:: Task requirements ::
Your copy of the entries must be exact, and it must not include the pictures.

:: Provided records ::
'''

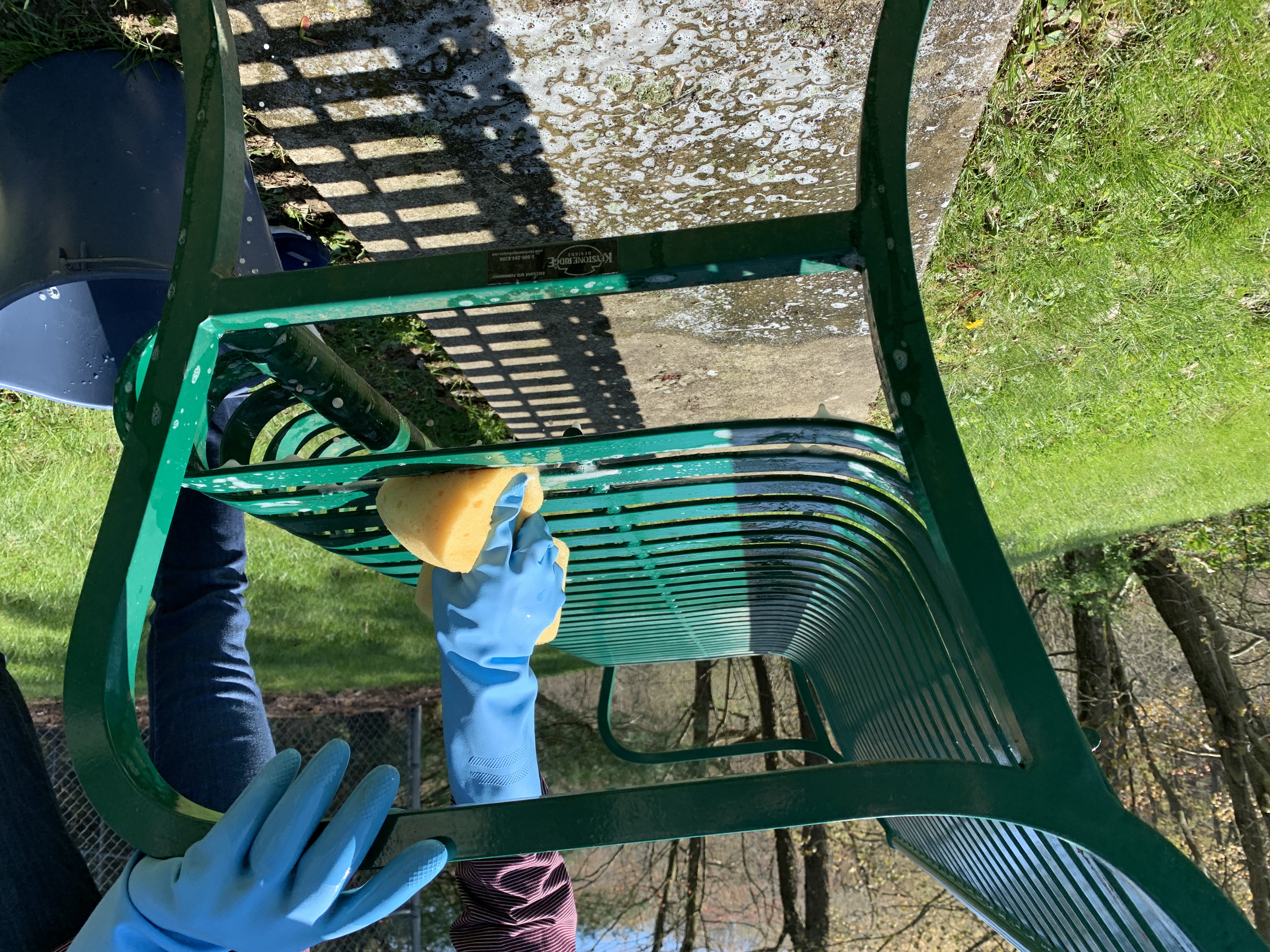 Bench Cleaning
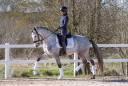 Castrone Lusitano In vendita 2021 Grigio ,  Aslan du Fesquet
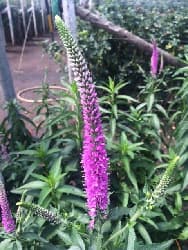 Veronica Skyler Pink Pink 70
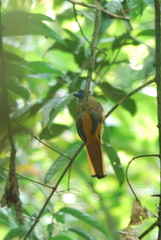 Harpactes orrhophaeus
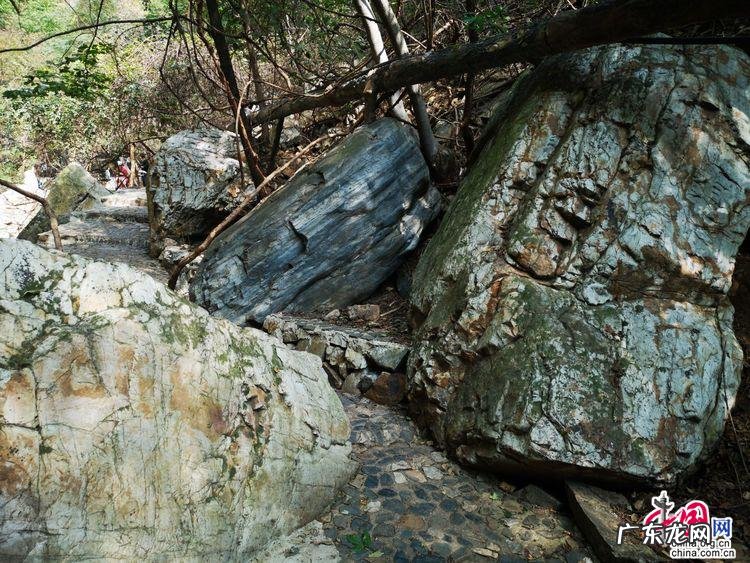 瓜米石 归朝镇石瓜风水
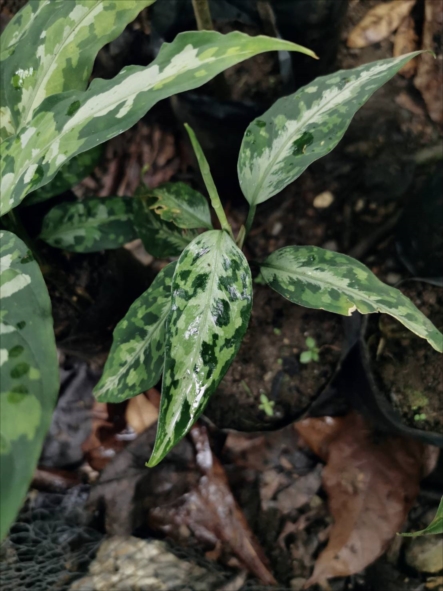 f:id:azulaquarium:20211025222644j:plain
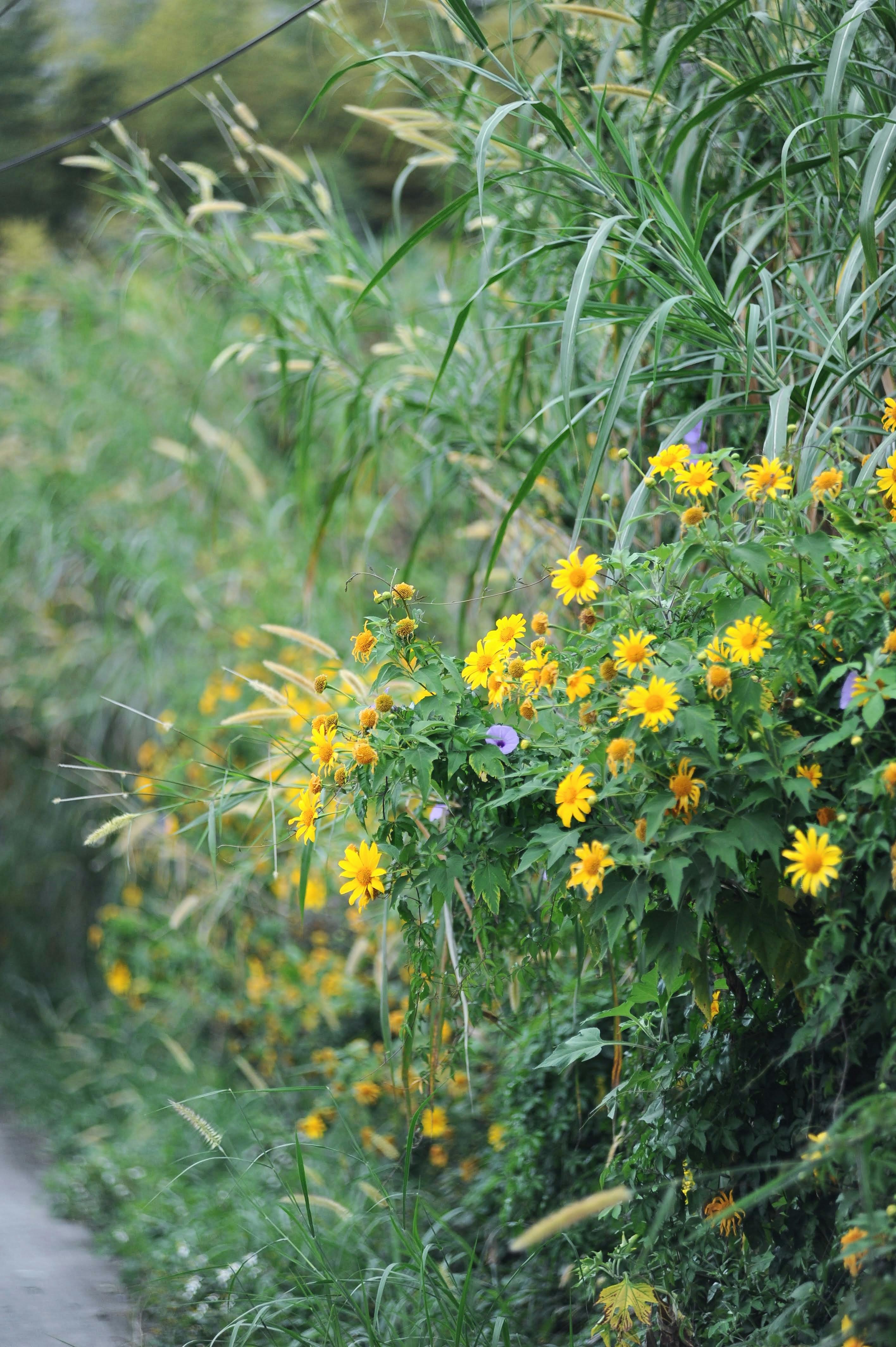 vibrant yellow wildflowers along path in da l t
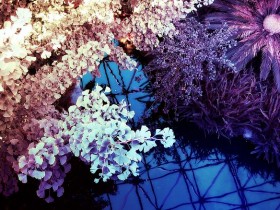 脱发严重影响了正常生活_油脂性脱发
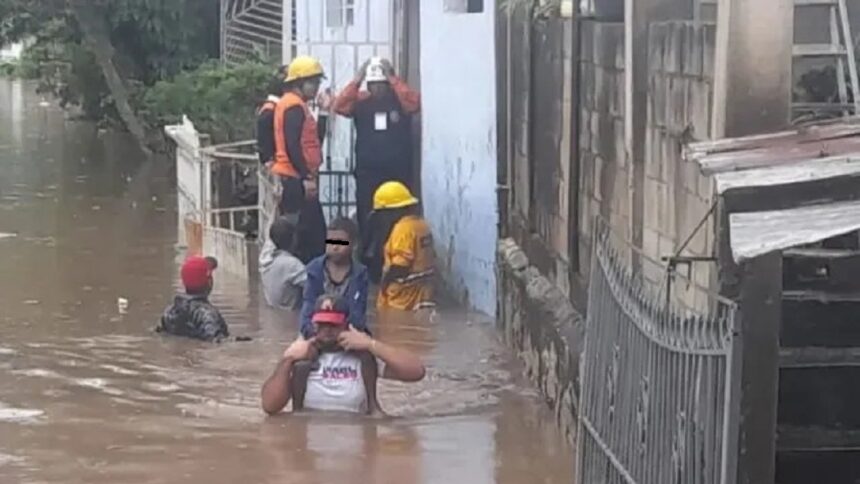 afectadas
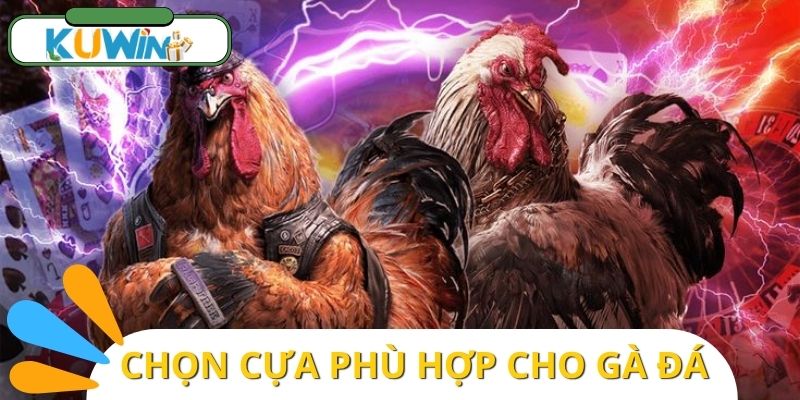 Biết gà đá của mình phù hợp cựa nào để chiến chuẩn hơn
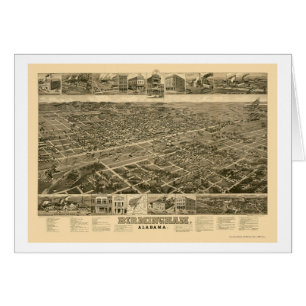 Birmingham, AL Panoramic Map - 1885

'''

:: Solution for this task ::
 Bench Cleaning
 Castrone Lusitano In vendita 2021 Grigio ,  Aslan du Fesquet
 Veronica Skyler Pink Pink 70
 Harpactes orrhophaeus
 瓜米石 归朝镇石瓜风水
 f:id:azulaquarium:20211025222644j:plain
 vibrant yellow wildflowers along path in da l t
 脱发严重影响了正常生活_油脂性脱发
 afectadas
 Biết gà đá của mình phù hợp cựa nào để chiến chuẩn hơn
 Birmingham, AL Panoramic Map - 1885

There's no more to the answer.